CULTURE

La Scala e i sauditi. Davvero i soldi per la cultura non hanno odore?

La Scala e i sauditi. Davvero i soldi per la cultura non hanno odore?

Il gran rifiuto della Scala continua a scatenare polemiche. I fatti: lunedì 18 marzo il consiglio d’amministrazione del teatro ha rifiutato 15 milioni di euro che il principe saudita Badr bin Abd Allah aveva offerto alla Scala, chiedendo in cambio un posto nel cda; e ha deliberato di restituire al mittente anche la cifra che era già stata pagata, 3,1 milioni. Le polemiche che sono seguite sono di due tipi.

Il primo è strettamente politico, Pd contro Lega, e fa parte della dialettica tra partiti e della propaganda nei confronti dei cittadini elettori.
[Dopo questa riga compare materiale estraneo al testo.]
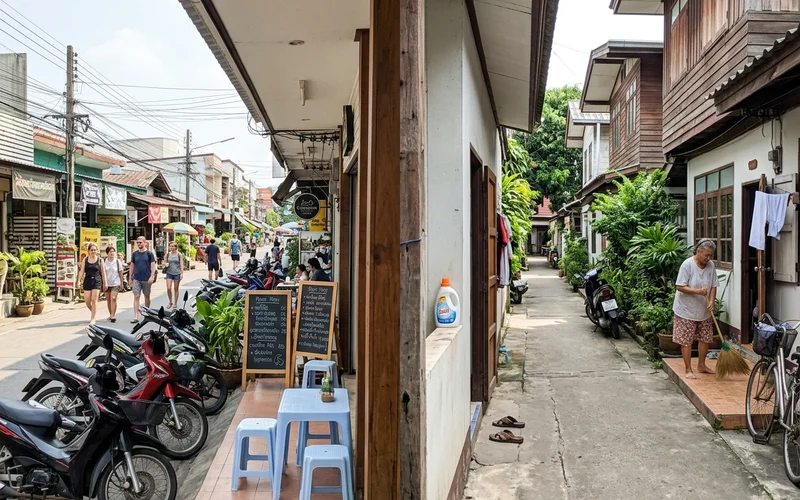 Two contrasting Chiang Mai streets, one busy and one quiet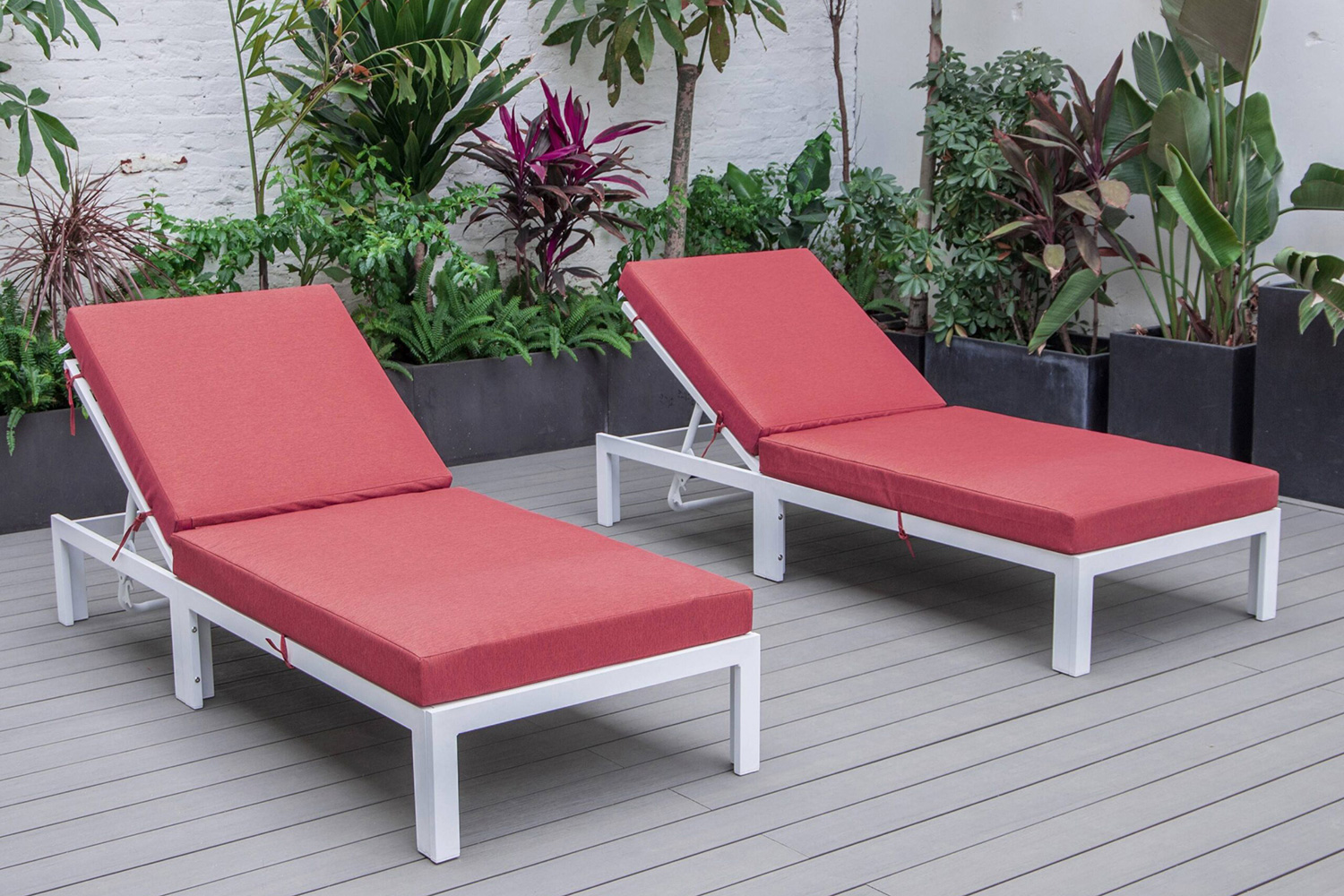 LeisureMod Chelsea Modern Outdoor White Chaise Lounge Chair with Cushions (Set Of 2) - Red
Il culmine è stato raggiunto con lo scontro tra il consigliere e deputato leghista Alessandro Morelli e il sindaco Giuseppe Sala. A proposito dei soldi sauditi, Morelli ha accusato Sala su Facebook di “avere le mani nella marmellata”. Il sindaco, nonché presidente del cda della Scala, gli ha risposto con una querela: “Tutto deve avere un limite. Morelli utilizza i social network per manipolare l’opinione pubblica e attaccare maldestramente raccontando bugie. Ora basta”.

Il secondo livello di polemica è invece più profondo e pone domande sulla cultura e la civiltà (e finanche le buone maniere) a cui vale la pena di cercare risposte. I favorevoli all’arrivo dei soldi sauditi sostengono che si è persa una grande occasione, perché quei denari avrebbero fatto bene alla Scala e non si è mai visto un teatro o un ente culturale rifiutare le donazioni di un mecenate: curioso che con l’Arabia Saudita si possano concludere affari e commercio di armi, ma, ipocritamente, non si possa accettare una sponsorizzazione o fare scambi culturali.

L’ipocrisia c’è: è vero – con Ryad e più in generale con Paesi ritenuti poco rispettosi dei diritti umani, Cina compresa – che pecunia non olet quando si tratta di fare grandi affari e perfino di vendere sistemi d’arma, mentre questa volta i soldi dei sauditi sono stati ben annusati e subito rifiutati. Ma è bene non dimenticare le strane anomalie di questa vicenda. La prima è che in nessun Paese al mondo può accadere che il responsabile pro tempore di un’istituzione culturale – in questo caso il sovrintendente Alexander Pereira – stringa accordi internazionali e prometta un posto in cda prima di una decisione del consiglio d’amministrazione e senza avvertire in modo chiaro e distinto i soci: lo Stato, la Regione, il Comune, gli altri “fondatori”.

In nessun Paese al mondo può accadere che un principe che si è anche autonominato ministro della Cultura estragga dalle sue tasche 3 milioni di euro e li mandi brevi manu a Pereira tramite un notaio milanese, prima che la Scala abbia deciso che cosa fare. È vero che compito della cultura è quello di saltare muri, abbattere barriere e aprire il dialogo con tutti. Ben venga la moltiplicazione delle recite della Scala in Arabia Saudita, Paese dove era proibita la musica.

Ma in questo caso è accaduto che un Paese, in difficoltà d’immagine davanti al mondo per il caso di Jamal Khashoggi, giornalista dissidente fatto sparire e ucciso in una sede diplomatica saudita, abbia cercato di fare il maquillage alla propria reputazione usando il marchio della Scala, il teatro d’opera più noto al mondo. “Anche sul prezzo c’è poi da ridire”, come direbbe Fabrizio D’André: il principe Badr bin Abd Allah ha offerto 15 milioni in cinque anni chiedendo un posto in cda (3 milioni all’anno, quando la Fondazione Cariplo ne versa 10), mentre la Francia ha chiuso un’operazione da 1 miliardo di euro con gli Emirati Arabi per portare il Louvre ad Abu Dhabi, ma lo ha fatto con incontri e accordi di vertice tra i due Stati e senza vendere alcun posto dei cda di Parigi. Insomma. A difendere Pereira è restato solo Sala. Ma la Scala, il Louvre della lirica, si merita più collegialità e più discernimento.